The Industrial Revolution of the late 1800s attracted more immigrants as businesses in the United States grew quickly. New technology and new ideas helped develop large factories where many new products were made. These businesses needed more workers to keep growing. Immigrants and migrants filled the labor demands of the new industrial order, transforming the nation.
Between 1882 and 1914 approximately twenty million immigrants came to the United States. Mass immigration from eastern and southern Europe dramatically altered the population’s ethnic and religious composition. Unlike earlier immigrants, who had come primarily from northern Europe—Britain, Germany, Ireland, and Scandinavia—the “new immigrants” came increasingly from Hungary, Italy, Poland, and Russia.
By 1900, New York City had as many Irish residents as Dublin. It had more Italians than any city outside Rome and more Poles than any city except Warsaw.

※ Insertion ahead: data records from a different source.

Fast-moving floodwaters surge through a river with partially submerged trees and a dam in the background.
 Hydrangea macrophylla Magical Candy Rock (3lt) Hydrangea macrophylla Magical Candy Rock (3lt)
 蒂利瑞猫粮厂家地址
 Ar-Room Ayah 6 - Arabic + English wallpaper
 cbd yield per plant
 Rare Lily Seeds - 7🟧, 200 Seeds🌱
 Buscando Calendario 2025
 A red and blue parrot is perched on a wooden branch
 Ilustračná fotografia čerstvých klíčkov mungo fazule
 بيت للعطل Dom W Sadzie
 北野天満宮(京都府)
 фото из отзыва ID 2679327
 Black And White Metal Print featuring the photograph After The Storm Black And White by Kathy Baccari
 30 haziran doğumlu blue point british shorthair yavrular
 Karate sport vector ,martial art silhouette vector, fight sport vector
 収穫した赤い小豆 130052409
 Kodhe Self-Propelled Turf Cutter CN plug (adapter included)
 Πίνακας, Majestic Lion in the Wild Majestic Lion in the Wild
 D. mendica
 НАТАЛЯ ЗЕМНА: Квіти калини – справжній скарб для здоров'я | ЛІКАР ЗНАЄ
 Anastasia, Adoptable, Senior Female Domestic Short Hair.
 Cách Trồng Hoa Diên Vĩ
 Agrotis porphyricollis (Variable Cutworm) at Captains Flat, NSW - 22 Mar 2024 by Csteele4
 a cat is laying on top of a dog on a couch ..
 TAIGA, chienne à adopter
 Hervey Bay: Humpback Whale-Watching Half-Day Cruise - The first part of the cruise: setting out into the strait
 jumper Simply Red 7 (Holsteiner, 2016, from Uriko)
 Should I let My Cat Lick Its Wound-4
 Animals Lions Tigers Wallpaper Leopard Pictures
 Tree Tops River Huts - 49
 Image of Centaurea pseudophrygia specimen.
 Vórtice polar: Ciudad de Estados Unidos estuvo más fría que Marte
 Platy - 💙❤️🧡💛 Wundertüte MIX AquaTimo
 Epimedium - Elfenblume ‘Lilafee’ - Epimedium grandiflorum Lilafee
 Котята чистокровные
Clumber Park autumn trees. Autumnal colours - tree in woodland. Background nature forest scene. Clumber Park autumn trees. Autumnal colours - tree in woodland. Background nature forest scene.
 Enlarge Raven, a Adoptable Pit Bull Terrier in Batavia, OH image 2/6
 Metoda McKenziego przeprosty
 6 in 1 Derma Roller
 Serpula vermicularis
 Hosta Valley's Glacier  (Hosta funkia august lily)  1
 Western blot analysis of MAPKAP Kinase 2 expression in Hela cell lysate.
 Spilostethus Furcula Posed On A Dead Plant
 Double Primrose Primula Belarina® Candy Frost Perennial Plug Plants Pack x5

It had more Jews than any other city in the world, as well as sizeable numbers of Slavs, Lithuanians, Chinese, and Scandinavians.
Modern times have been no different exemplified by some of the titans of business.
Steve Jobs’ father was a Syrian refugee.
Satya Nadella, CEO of Microsoft is an Indian immigrant. So is Sundar Prachai, CEO of Google.
Sergey Brin, Google’s co-founder was a Soviet-born refugee.
Throughout American history, millions of people around the world have left their homelands for a chance to start a new life in this country. Despite many difficulties, both immigrants and migrants forged new communities in their adopted homes.
From the forefathers’ first steps, to the challenges faced in today’s globalized world, immigrants have always been part of the American story and part of the solution, not the problem. It is historical revisionism to believe otherwise.